Mark Zuckerberg, founder and chief executive officer of Meta Platforms Inc. (NASDAQ: META), holds a controlling block of stock in the public company. A U.S. Securities and Exchange Commission filing states that he can control the outcome of matters that require shareholder approval and decide who is on the board of directors. After months of horrible performance that has pushed down Meta shares by more than half, Zuckerberg is the only person who can determine who is CEO. For the sake of his shareholders, he should resign and allow someone more qualified, and who shareholders believe can turn Meta around, to take the job.

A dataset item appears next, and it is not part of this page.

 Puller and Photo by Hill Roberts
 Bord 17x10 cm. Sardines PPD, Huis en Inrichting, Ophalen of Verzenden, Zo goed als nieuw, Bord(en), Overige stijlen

Zuckerberg’s lock on the company is complete. From a filing last year:
Our amended and restated certificate of incorporation provides for a dual class common stock structure, which provides Mark Zuckerberg, our founder, Chairman, and CEO, with the ability to control the outcome of matters requiring stockholder approval, even if he owns significantly less than a majority of the shares of our outstanding Class A and Class B common stock, including the election of directors and significant corporate transactions, such as a merger or other sale of our company or its assets.

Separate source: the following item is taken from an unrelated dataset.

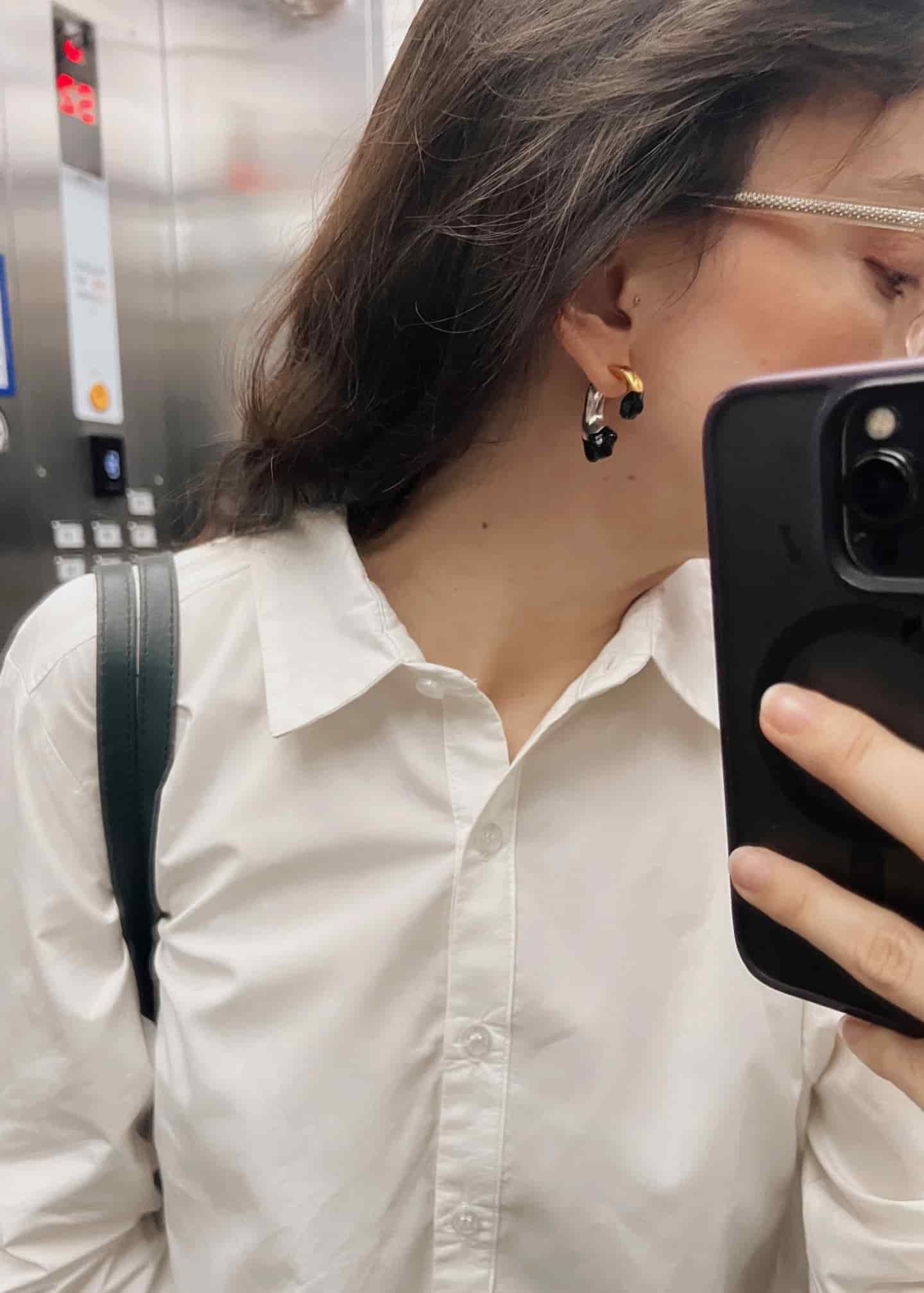 Mini Petal Curve Stud Negro - miniatura 2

His actions and their results have proven how unfit he is. Meta’s shares have spiraled down by 70% this year. Of this, 20% occurred the day after Meta’s quarterly financial statements. Revenue for the third quarter fell 4% to $27.7 billion. Net income dropped 52% to $4.4 billion. Expenses rose a breathtaking $22.1 billion. Meta’s Reality Labs, which is charged with building a virtual reality metaverse, lost $9.4 billion in the first three quarters. Zuckerberg said the investment will continue aggressively. Management stated, “We do anticipate that Reality Labs operating losses in 2023 will grow significantly year-over-year.”
Zuckerberg has lost, or pushed out, long-time Chief Operating Officer Sheryl Sandberg. She was blamed for a number of Meta’s missteps. It is hard to make the case this is fair, given that Zuckerberg has final decision-making power over everything.
Founders who control companies have stepped down before, and usually have done so for the benefit of shareholders. It is Zuckerberg’s turn.